I have been looking at a lot at Battery management system/protection circuits lately and there are components that I can't identify. Can anyone tell what is the name and function of the component I encircled in the image? I am thinking that that these are fuses but I might be wrong.
Those look like bus bars to me -- essentially very low-resistance, high-current capacity interconnects commonly found on a PCB. In a battery pack, especially one capable of hundreds of amperes, the difference between a 1mOhm and 2mOhm could be 10W dissipated vs. 20W dissipated.

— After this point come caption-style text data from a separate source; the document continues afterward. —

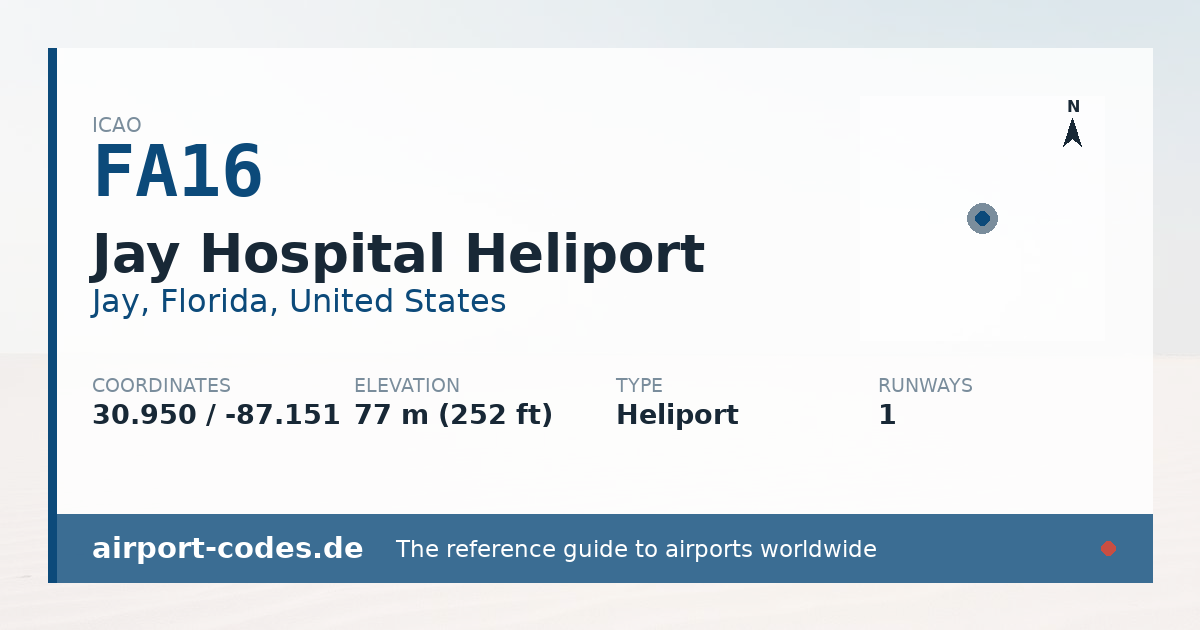 Generated summary graphic for Jay Hospital Heliport showing codes, coordinates and a runway sketch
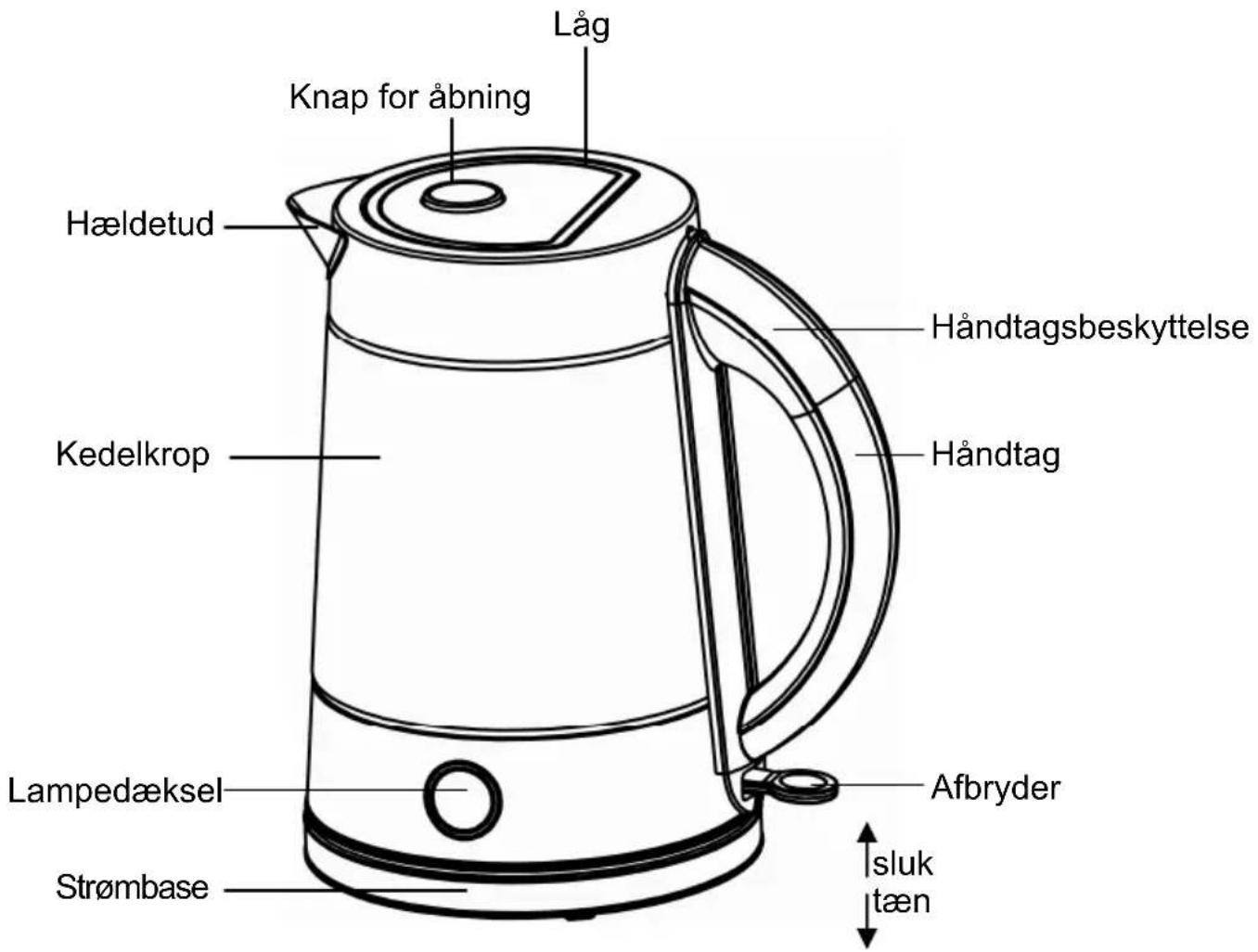 Låg Knap for åbning Hældetud Håndtagsbeskyttelse Kedelkrop Håndtag Lampedæksel Afbryder Strømbase sluk tæn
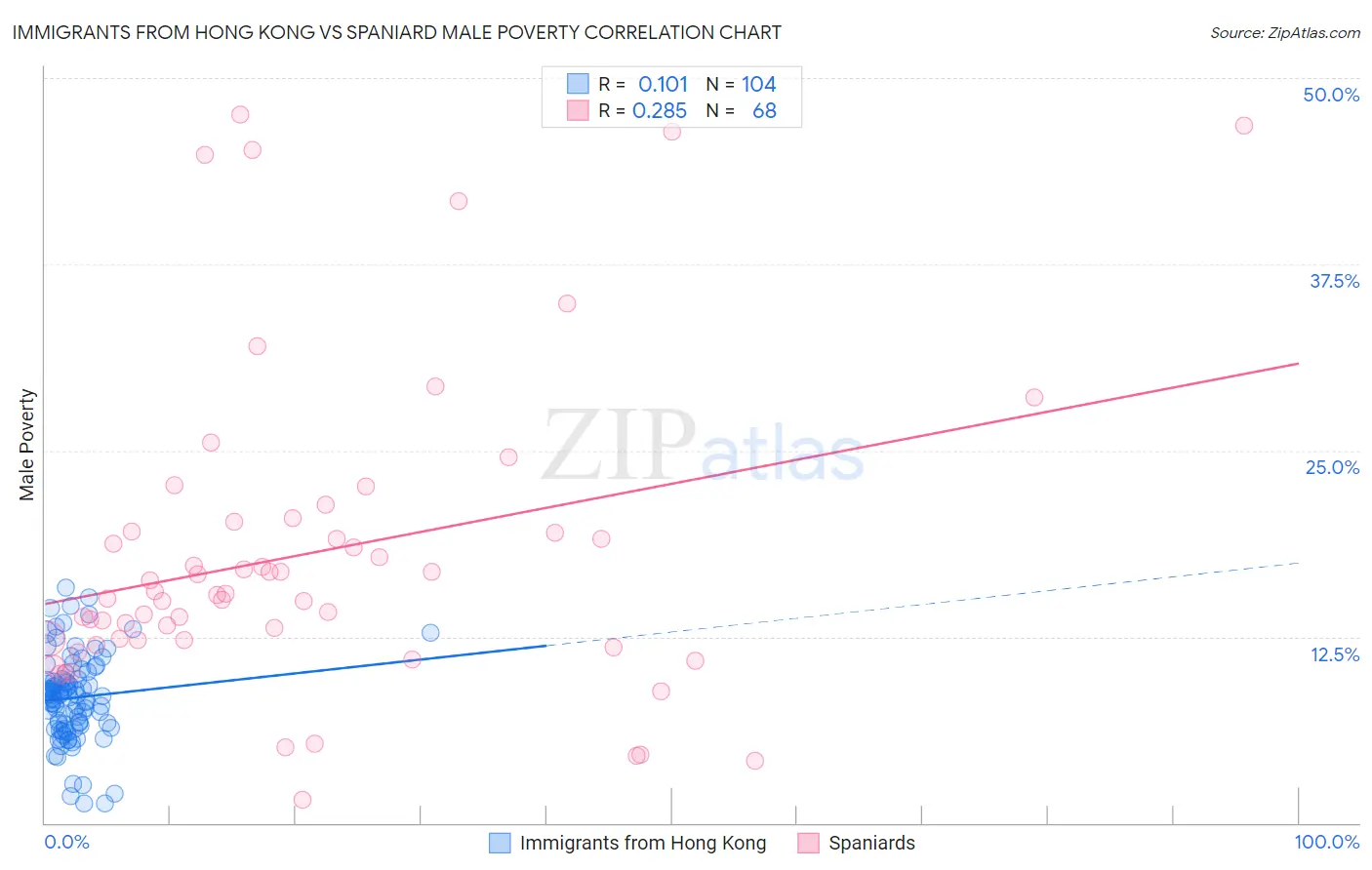 Immigrants from Hong Kong vs Spaniard Male Poverty
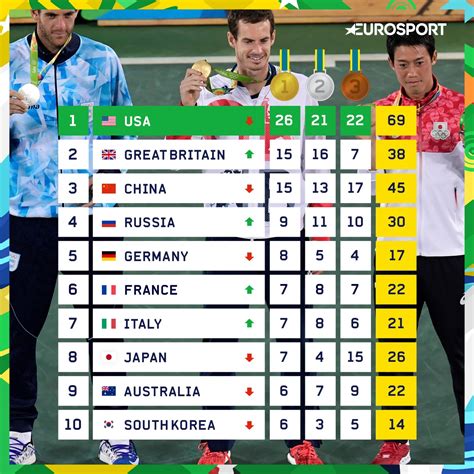 Olympics Rio 2016 Team Gb Rise To Second In Medal Table Eurosport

The wires you see are probably not copper but a material chosen for temperature invariance .It could be manganon or phosphor bronze or some alloy designed to hopefully have a near zero temp co of resistance .These materials have much more resistance than copper .Copper has a significant tempco like most metals.The voltage developed across the shunt can now accurately be used for current measurement as long as the currents are not too small where opamp offsets would spoil things .Its all a comprimise because low resistance means low losses and higher resistance gives better low end accuracy .This is why the better equipment uses the more expensive hall effect devices.
It looks like a current shunt resistor. It is used to calculate the current flowing through the circuit by measuring the voltage drop across the shunt resistor. Shunt resistors have very less resistance but are rated for higher power rating. They have resistance anywhere between 10 to a few 100 micro ohm.